When the data were adjusted for class, income and other factors, they showed that the more people of different races lived in the same community, the greater the loss of trust. "They don’t trust the local mayor, they don’t trust the local paper, they don’t trust other people and they don’t trust institutions," said Prof Putnam. "The only thing there’s more of is protest marches and TV watching."
I'm not sure I believe that diversity is the reason people don't trust each other so much. I have no scientific evidence to back up my conclusion, but could it be that our attitudes about various groups is affected by television news and entertainment? By other information sources? Could it be that "I vant to be alone" isn't just a Greta Garbo line?
I've lived in some fairly ethnically diverse areas in my life, and I've lived in some rather homogeneous ones, as well. I can't say I trust any of my neighbors now less than I trusted neighbors 20 years ago when I lived in a different area. And I've always had a healthy skepticism when it came to government, local or national.
It would be nice if the outcome of Putnam's study were that all the diversity garbage would go away. It would be terrific if we weren't constantly bombarded with the idea that white people are racists if they don't seem thrilled with diversity, or minorities are just ignorant if they don't embrace other cultures willingly.
But I doubt any of that will happen. Instead, we'll be put through even more diversity training where we'll be told how much more accepting and open we will be if we just expose ourselves to this group or that. Daniel Henninger at the Wall Street Journal's OpinionJournal puts it this way:
The diversity ideologues deserve whatever ill tidings they get. They're the ones who weren't willing to persuade the public of diversity's merits, preferring to turn "diversity" into a political and legal hammer to compel compliance. The conversions were forced conversions. As always, with politics comes pushback. And it never stops.

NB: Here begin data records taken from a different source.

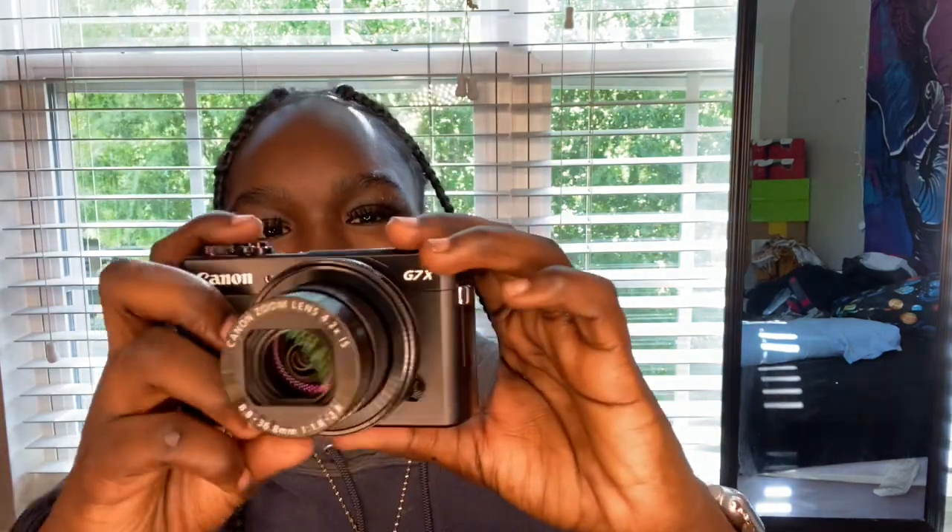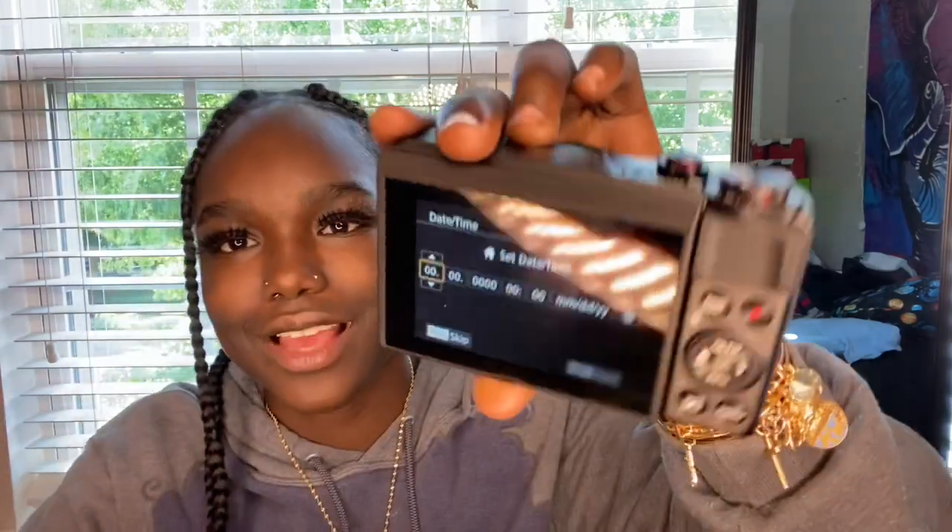Y'all, I'm shaking — I'm literally so hyped right now. Now that I got the battery in — it turned on! Okay, so this is how it looks when you turn it on. This is exactly how it looks. I'm gonna just mess around with it a little bit and see what it does.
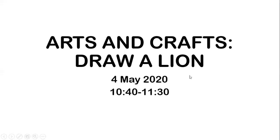Hello, my dear kids. Welcome back to our arts and crafts lesson. I hope you're done with your Kamae worksheets. Are you done? Don't forget to take a picture and send it to Teacher Jenny or send it to the Telegram group.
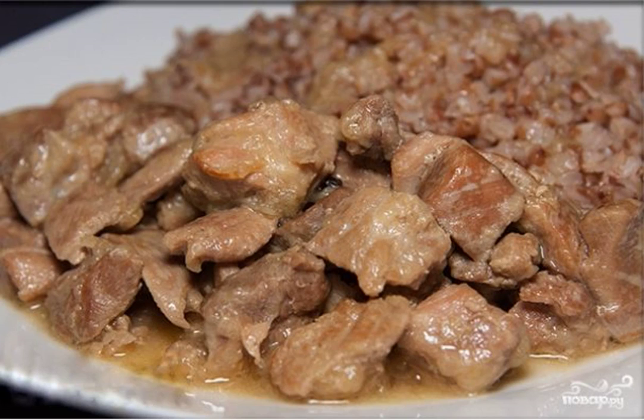Turkey thigh stew is an easy to prepare and delicious dish. The meat turns out tender and juicy, and it is practically dietary. Prepare this dish for yourself and your family.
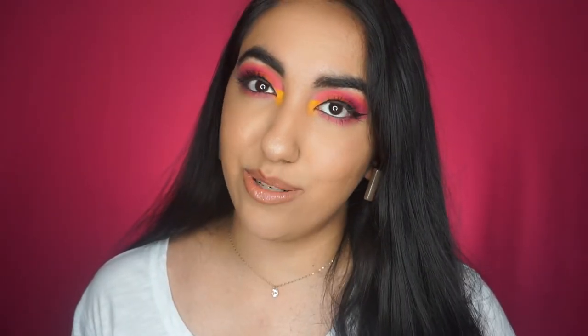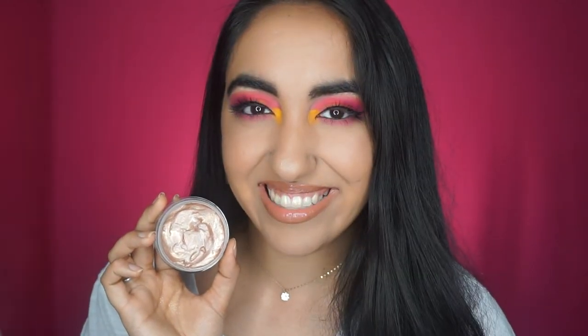But without further ado, you guys, it's now time to get into this DIY jelly beam highlighter video.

The harvest of bitter fruit from the diversity wars begun three decades ago across campuses, corporations and newsrooms has made the immigration debate significantly worse. Diversity's advocates gave short shrift to assimilation, indeed arguing that assimilation into the American mainstream was oppressive and coercive. So they demoted assimilation and elevated "differences." Then they took the nation to court. Little wonder the immigration debate is riven with distrust.
We need to accept the idea that assimilation isn't a dirty word; it's the way communities are built. That's why certain communities have certain characteristics. But the United States should have certain characteristics, too, which is why emphasizing our differences--rather than our similarities--tears at our national spirit.